И вот, этот челкастый мальчишка колдует над гитарой и творит настоящую красоту в стенах московского общепита с усатым барменом за стойкой и средненькими бургерами — и никто даже не может объяснить, почему это круто. Он не великий композитор, не виртуозный исполнитель и уж точно не исключительный поэт. Возможно, секрет этих диких роз как раз в том, что на стыке этих искусств — исполнительского, композиторского, поэтического и, пожалуй, еще артистического, — они и находят свою уникальную творческую тропу.
***
В этом и таится источник моей любви к рок-н-роллу. В мире нет более потерянного существа, чем подросток: всю твою жизнь тебе указывают, как правильно и как неправильно. Всегда есть те, кому от тебя что-то нужно по непонятным тебе, в силу недостатка опыта, причинам. Всегда есть буква закона, постоянно желающая возвыситься над его духом.

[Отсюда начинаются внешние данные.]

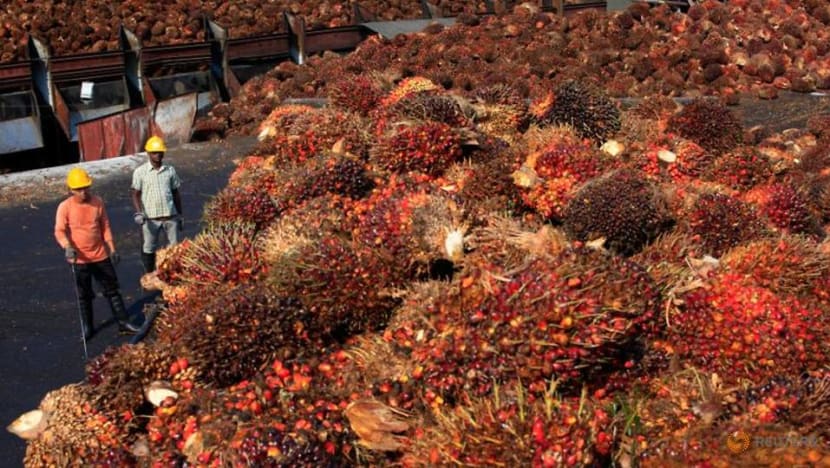 Palm oil prices rise in India even after import duty cut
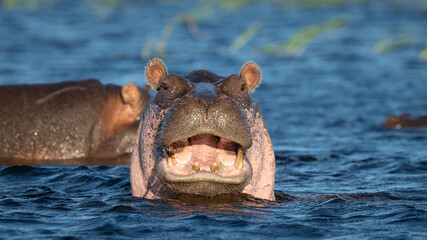 Hippo portrait head closeup with mouth open on sunny day Chobe River Botswana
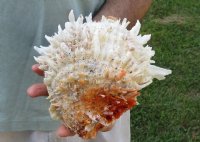 Spiny Oyster pair (Spondylus Leucacanthus) measuring 6 by 6-1/2 inches - You are buying the Spiny Oyster pair pictured for $26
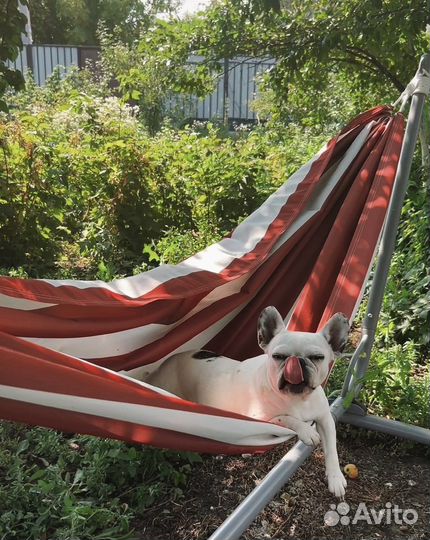 Передержка собак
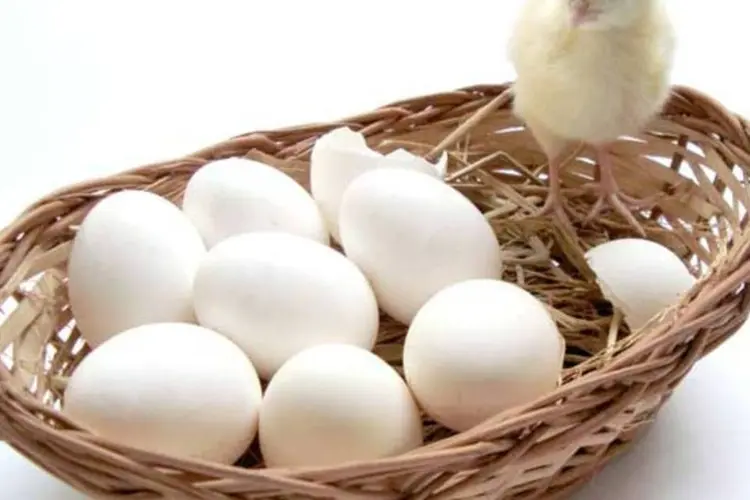 Mais importante do que não pôr os ovos na mesma cesta é saber cuidar das cestas (Deepak Malhotra/SXC)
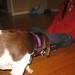 Leah Schwartz Photo 23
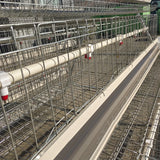 96/128 bird 3/4 layer battery layer chicken cage for laying hens 1000 chicken poultry farming capacity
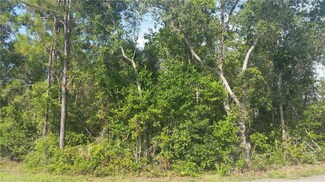 0 Midway Rd Unit P4901143, Haines City, FL 33844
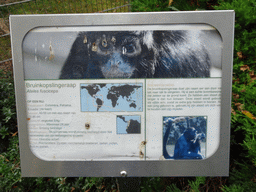 Explanation on the Black-headed Spider Monkey at BestZoo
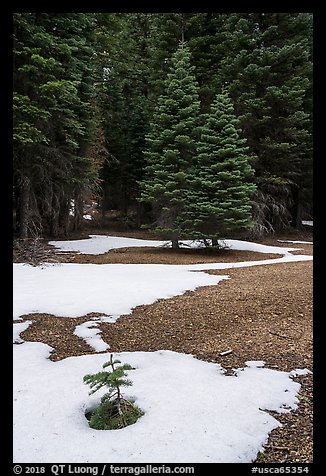Fir sappling surrouned by snow patch, Snow Mountain Wilderness. Berryessa Snow Mountain National Monument, California, USA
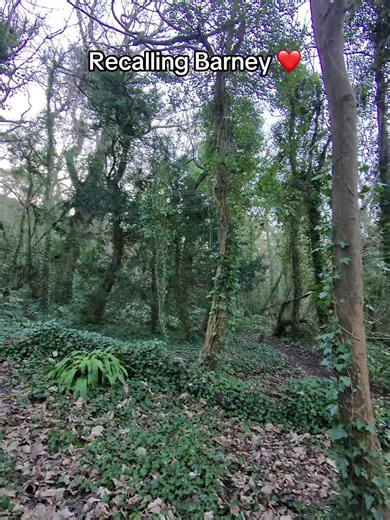 Just when I couldn’t see him. Poof he’s here 🥰 #recall #dog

Но только не в рок-н-ролле. Здесь никогда не нужно доказывать, что правильно, а что неправильно. Если от твоей музыки трясутся жилы и яйца норовят пуститься в пляс, если ради этой музыки ты готов отдать жизнь на сцене, если твоя душа сливается в едином порыве с душами всех присутствующих, то других аргументов не требуется. Именно поэтому из года в год седовласые начальники чешут репу над вопросом, как же направить энергию молодости в полезное русло, а тем временем тысячи и тысячи мальчиков и девочек хватают в руки гитары, барабанные палочки и микрофоны и идут туда, где им никто не станет объяснять, как правильно жить. Туда, где все друг друга понимают без слов. И хотя большинство из них смывает проза жизни, тут и там все равно возникают эти розы, проросшие сквозь асфальт.
Великий Джими Хендрикс — дикий цветок хаоса, выросший где-то на границей между индийской прерией и негритянской плантацией. Сегодня его дух спустился на чувака из какой-нибудь Вологды, который приехал становиться великой московской рок-звездой. И даже если он не станет, сегодня он пожил — и вместе с ним пожили все мы.